Per una di quelle ironie della sorte che costellano la storia degli uomini, soprattutto quando presumono troppo da se stessi e dagli altri, la stagione del grande rottamatore - che avrebbe dovuto svilupparsi e concludersi con la rottamazione della vecchia politica e una riforma epocale in grado di cambiare letteralmente il Paese - si sta sviluppando e minaccia di chiudersi, sulla falsariga della vecchia politica che avrebbe dovuto rottamare e sostituire con una serie di riforme epocali. Con la sua inerzia rispetto ai problemi che urgono, primo fra tutti quello dell'immigrazione incontrollata, il presidente del Consiglio assomiglia sempre più, ogni giorno che passa, ai suoi predecessori ai quali egli rimprovera di aver portato il Paese allo sfascio con la loro incapacità (che, ahimè, si sta rivelando anche la sua).

Decine di migliaia di precari entrano nella Pubblica amministrazione - grazie a quella che, con una certa faccia tosta, il capo del governo chiama riforma - senza concorso come prescriverebbero la legge e la stessa Costituzione; la spesa pubblica è aumentata contribuendo a ingrossare il debito che, a sua volta, ha raggiunto livelli mai conosciuti prima; la crescita economica è piccola e la disoccupazione grande; l'immigrazione sta minando la sicurezza generale, con la crescita della criminalità che, ormai, svaligia gli appartamenti e massacra di botte chi ha la malaugurata sorte di trovarsi al loro interno nel momento della visita dei malfattori. L'Italia è allo sfascio, sempre più in preda a una burocrazia invadente e oppressiva che, secondo le promesse, avrebbe dovuto essere ridotta e riformata; non c'è quasi nulla che funzioni decentemente e ciò che funziona, funziona male.

Tutta, e solo, colpa di Renzi? Certamente no; gli si farebbe torto a dirlo. Ha ereditato un Paese già in crisi e il suo errore è consistito soprattutto nel promettere cose che non era in grado di realizzare. In realtà, paghiamo il prezzo di politiche passate - dette sociali, ma, in realtà, stataliste, dirigiste e dispersive di risorse e di opportunità, prodighe solo di corruzione - e di promesse, ad opera del presidente del Consiglio, che lui non avrebbe dovuto fare, sapendo come stavano le cose, e che non avrebbero potuto concretarsi nelle condizioni in cui si trova il Paese. Il livello della fiscalità è intollerabile e penalizza non solo il cittadino come contribuente, ma l'economia nel suo complesso, impedendo al mondo imprenditoriale di svilupparsi e di operare. Un disastro.
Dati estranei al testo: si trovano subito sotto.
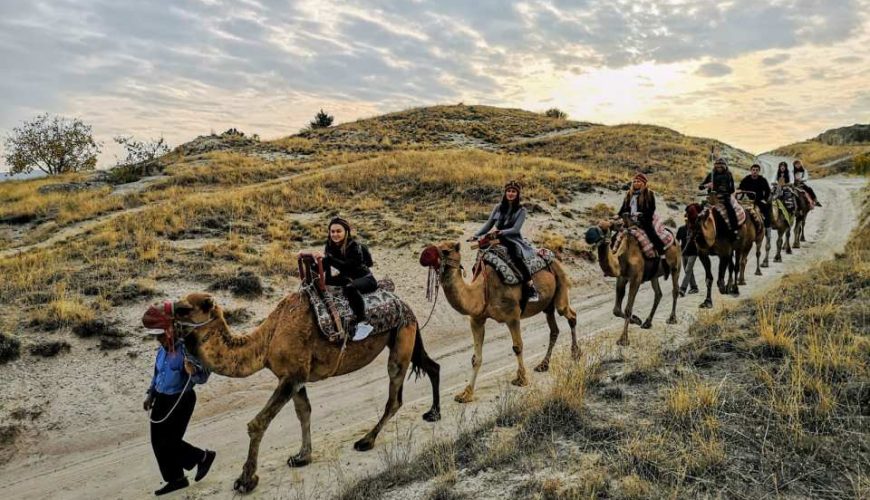 Camel Safari in Cappadocia with Views of Red and Rose Valleys | Turkey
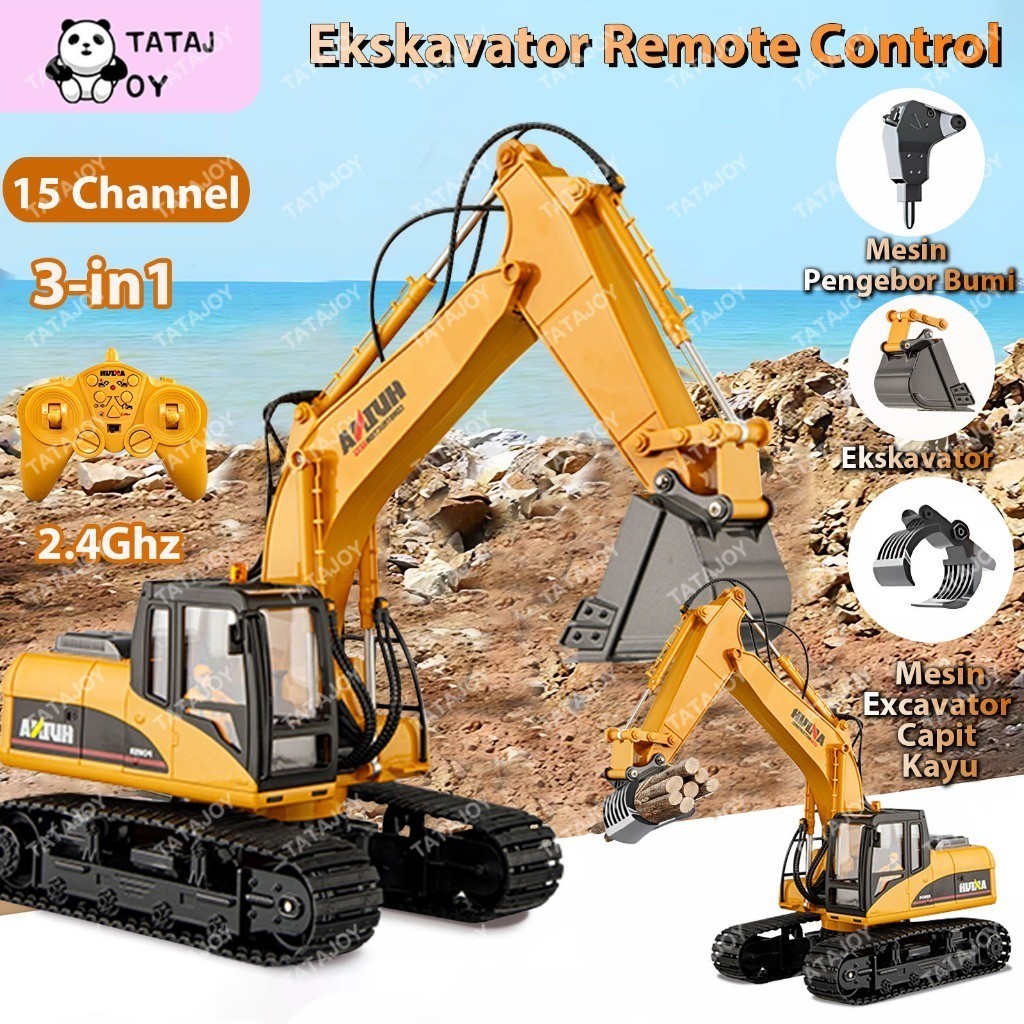 REMOTE CONTROL EXCAVATOR-RC ALAT BERAT-EXCAVATOR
L'Italia pare tornata ai giorni del Dopoguerra, con l'aggravante che ora non ci sono Einaudi e De Gasperi, ma ci sono Renzi e la sua brigata di belle donne come ministri, belle donne che paiono appena uscite dal parrucchiere e che sono palesemente inadeguate. Il Paese è nelle mani di un'accolita di dilettanti allo sbaraglio che non hanno una politica e, culturalmente, neppure uno straccio di idea che ne prefiguri un'alternativa politica.

Rilevare, e denunciare, tale sfacelo non è avercela con Renzi, ma dire le cose come stanno. Dovrebbe essere il compito di media che assolvano la propria funzione, come prefigurava Tocqueville nella Democrazia in America . Ma non funziona neppure quello. A non funzionare non è solo la politica.

Sono gli italiani, ideologicamente affezionati a un sistema politico e sociale che non funziona. Come hanno mostrato abbondantemente le dure repliche della storia col fallimento del socialismo reale.